The aggressive investigator might argue that groups 1 and 5 are different on the strength of the s statistic for the coefficient
on r5 (t = 2.135, with a p value of .037). The cautious investigator (or journal editor), however, would counter that many
comparisons of the different groups could have been made. Perhaps this test was selected for focus solely because it happens
to show a “significant” difference. And when multiple comparisons are made, the probability under the null of finding, say, a
t statistic as large as 2.135 is greater than .037. But how much greater is it—that is, what is the correct p value for this t statistic
when multiple comparisons are made?
There are many philosophical views on this problem. I examine the mechanics of one view—traditional adjustment for
multiple comparisons—in the context of regression-like models. (See [5s] oneway for a discussion of this approach in an ANOVA
context.) This view provides methods for making each test more conservative when there are multiple comparisons, so the overall
probability of making a Type I error for any pairwise comparison (declaring a difference significant when it is merely due to
chance) remains less than a predetermined value, such as 5 percent. We discuss three widely used approaches: the Bonferroni,
Sidak, and Scheffe tests.
The Bonferroni test is the simplest to implement. In this method, the cautious investigator would note that 10 pairs of
groups could have been compared and treat a reported p value of 0.037 as if it were 10 × 0.037 = 0.37. It would take a t value
of 2.9146 to be “significant” at the 5 percent level according to this logic. Using the Bonferroni rule, the contrast r5 vs. rl just
misses attaining significance.
The Sidak test is almost identical to the Bonferroni, unless the number of comparison groups is quite large. In our example,
the relevant critical value is about the same; a t statistic must be at least 2.9063 to be significant. The Scheffe test is even
more conservative, requiring a t statistic of 3.178. The Scheffe procedure is designed to hold for any linear combination of the
categories, not just for contrasts (comparisons of any two categories).
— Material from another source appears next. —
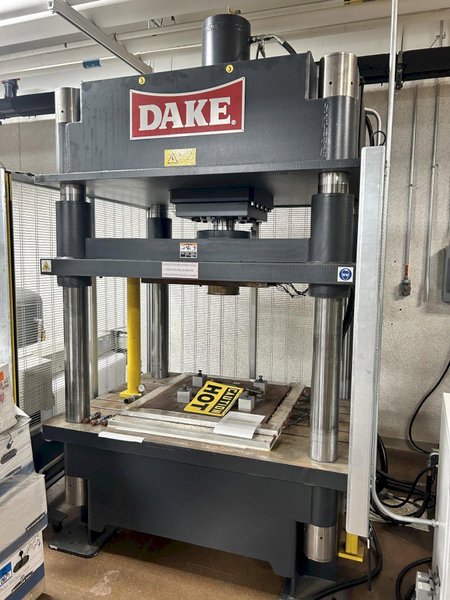 150 TON DAKE MODEL #PSQ 150A HYDRAULIC 4-POST PRESS, 2018: STOCK #21942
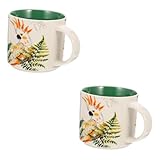 BESTonZON 2 Stück Doppelt Glasierte Tasse Porzellan-Kaffeetassen Keramik-Kaffeetassen Espressotassen Keramik Exquisite Kleine Tassen Die Büro-Kaffeetasse Kawaii-Tasse Keramiktassen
There is another consideration in a regression model that doesn’t arise in the one-way ANOVA context. In the ANOVA, the
means are guaranteed to be independent, since they come from independent samples. In the regression, a common adjustment
introduces correlation between the category means. The Scheffe method is a conservative answer that applies equally well in
the regression and ANOVA models. The Bonferroni and Sidak methods can become non-conservative in a regression context.